A Simple ALU, drawn from the ZipCPU

Many digital logic design courses end with a discussion of how to build a CPU. The common lesson tends to focus on the arithmetic logic unit (ALU) as the work horse within the center of the CPU.

Since ALUs tend to be very simple, they are easy to look at and examine.
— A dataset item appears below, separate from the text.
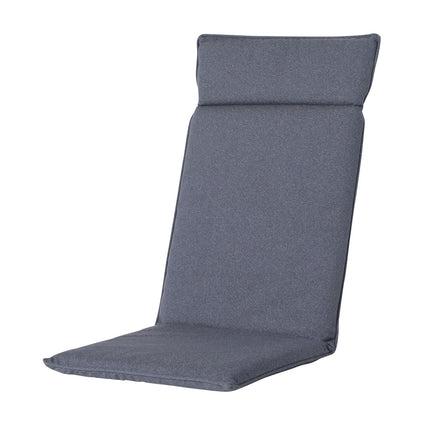 Kussen hoog universeel ca.120x50cm O Manchester denim grey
For this post, we’ll look at the ALU found within the ZipCPU. Unlike many of the “classroom” ALUs you may have come across, this simple ALU is also complete enough to support the newlib C library. As a result, you might find a couple of features within this ALU that you are not expecting.

A Basic ALU

If you’ve never seen how to build an ALU before, the logic to build one is actually very simple. It’s basically a big huge case statement that selects from among several possible outputs.

case(i_op[3:0])
	4'b0000:{c,o_c } <= {1'b0,i_a}-{1'b0,i_b};// SUB
	4'b0001:   o_c   <= i_a & i_b;		// And
	4'b0010:{c,o_c } <= i_a + i_b;		// Add
	4'b0011:   o_c   <= i_a | i_b;		// Or
	4'b0100:   o_c   <= i_a ^ i_b;		// Xor
	// ....
	default:   o_c   <= i_b;		// MOV, LDI

In this example, taken from the ZipCPU’s ALU, the two inputs, i_a and i_b, are both 32-bit values. The input to the routine also includes a number, i_op, identifying the operation that needs to be calculated. The result is placed into an output register, o_c. The c bit you see above is associated with the ZipCPU’s carry logic–something we’ll come back to later in this post.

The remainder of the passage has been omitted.